The BBC reports today that the World Health Organization has raised the alert concerning swine flu to just under pandemic level. That means that there has been person-to-person spread of the flu in at least two countries. Now I’m a minister, not a health care professional, and obviously I’m not qualified to give medical advice. But churches have long been places where common sense public health advice has been distributed, and after reading qualified sources (on and off the Web), let me remind you of a few things you already know:
(1) Be scrupulous about washing your hands. Wash your hands before you eat. Wash your hands before you touch your eyes, nose, or mouth. Flu is one of those diseases that is easy to pick up on your hands, and if you don’t wash your hands you can deposit the virus right into places where it can easily infect you.
(2) You remember how to wash your hands, right? As a religious educator, this is what I’d tell kids: Wash your hands under running water, use soap, and don’t forget to wash your wrists, the backs of your hands, and between your fingers. When you start washing your hands, start singing the A-B-C song (slowly), and don’t stop washing until you get to the very end of the song — that’s how long it should take you to wash your hands.
(3) Get plenty of sleep, drink an appropriate amount of fluids, eat well, and exercise regularly. The better your health now, the less likely you will come down with the flu later.
(4) If you become ill, stay home from work or school. You’ll recover more quickly, and you won’t transmit your illness to others. And if you’re ill, or someone in your family is ill, please don’t come to church, OK?

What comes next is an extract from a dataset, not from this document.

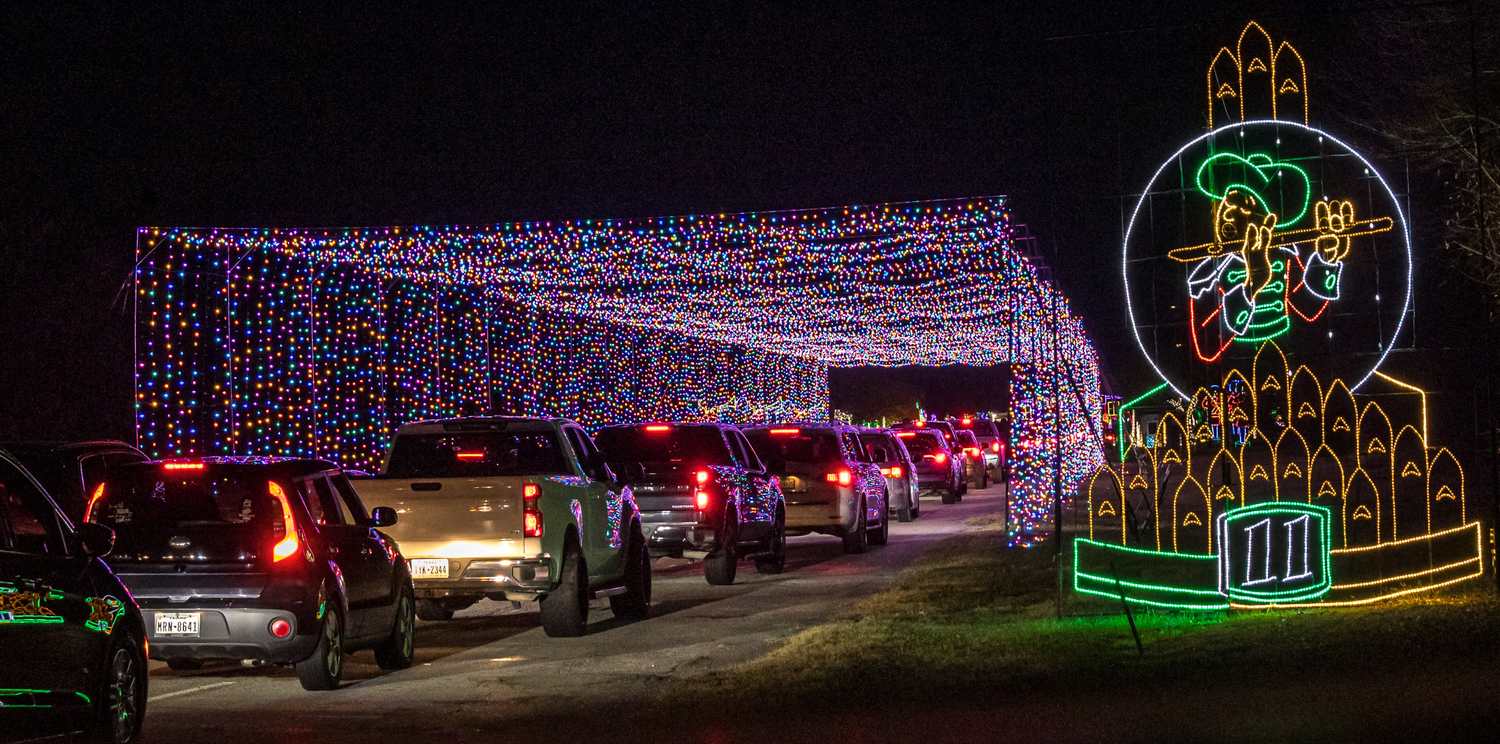 Cars moving slowly through the lit tunnel at Lights of Joy Christmas drive-thru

(5) What about all those scary news stories about how a flu pandemic has the potential of shutting down the economy, so that you won’t be able to get food? I don’t know how to judge the accuracy of those news stories, but I do know that it’s plain common sense to have a couple of weeks’ worth of food and water on hand in case of emergency. Here in New England, we have to worry about the occasional blizzard, ice storm, or hurricane, and keeping some canned goods and bottled water on hand is just plain common sense. (Oh, and you always keep more than half a tank of gas in your car, just in case the power goes out and you can’t pump gas, right?)

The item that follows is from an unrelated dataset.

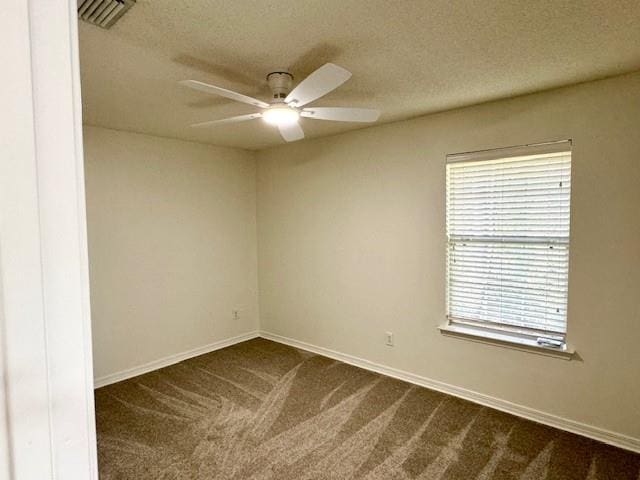 spare room with ceiling fan, dark carpet, and a textured ceiling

All the above are standard public health precautions, or standard emergency preparedness precautions — in other words, these are all things you should be doing anyway. Obviously, if a swine flu pandemic does occur, it may pose unique and special problems that I am not qualified to address. And if you have better information about standard public health precautions, or standard emergency preparedness precautions, let us all know in the comments. But in any case, it won’t hurt you to follow the above common sense procedures, and it’s not a bad idea to use your church as a communications hub where you can let others know about all this.